Per PRIMOPIANOSCALAc di Telos A&S abbiamo intervistato la scultrice tedesca Katharina Fritsch. Nel 2013, ha realizzato un gigante gallo blu, destinato a Trafalgar Square a Londra. Un imponente opera alta 4,70 metri in acciaio e fibra di vetro, che ha sconvolto l’aspetto ottocentesco della piazza: “Il gallo si adattava perfettamente a Trafalgar Square. Perché? Per via di tutte quelle sculture che commemorano i grandi militari britannici, quelle figure molto maschili sui loro piedistalli. Ma si adattava anche perché le piume della coda esplodono, e riecheggiano la forma delle fontane”.

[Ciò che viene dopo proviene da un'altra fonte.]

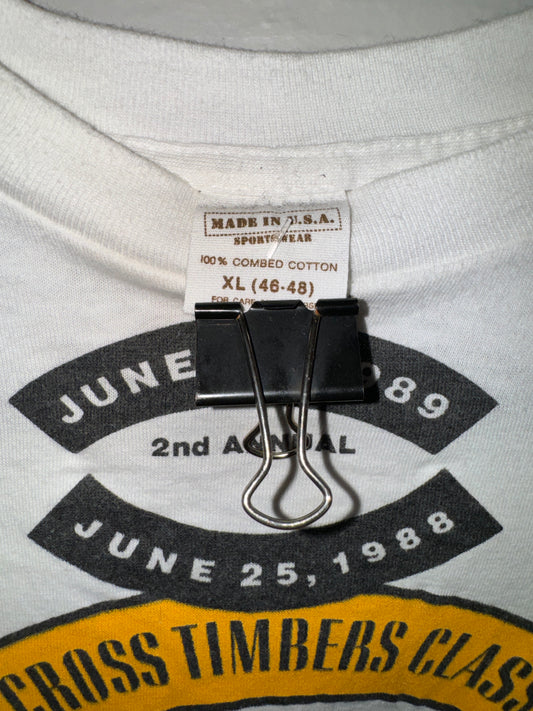 Vintage Bicycle Race Shirt With Bottle Holder 1980s Bike Cyclist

Ogni opera che sfugge agli schemi tradizionali ci spiazza e ci lascia perplessi. Ci sentiamo Remo e Augusta in Le vacanze intelligenti di Alberto Sordi, di fronte alle opere astruse della Biennale di Venezia. Ma, allo stesso tempo, ci fa riflettere sul significato dell’arte. E su quelle scarpe rotte di van Gogh. Chi lo avrebbe detto che sarebbero state ammirate negli anni a venire dai visitatori di tutto il mondo?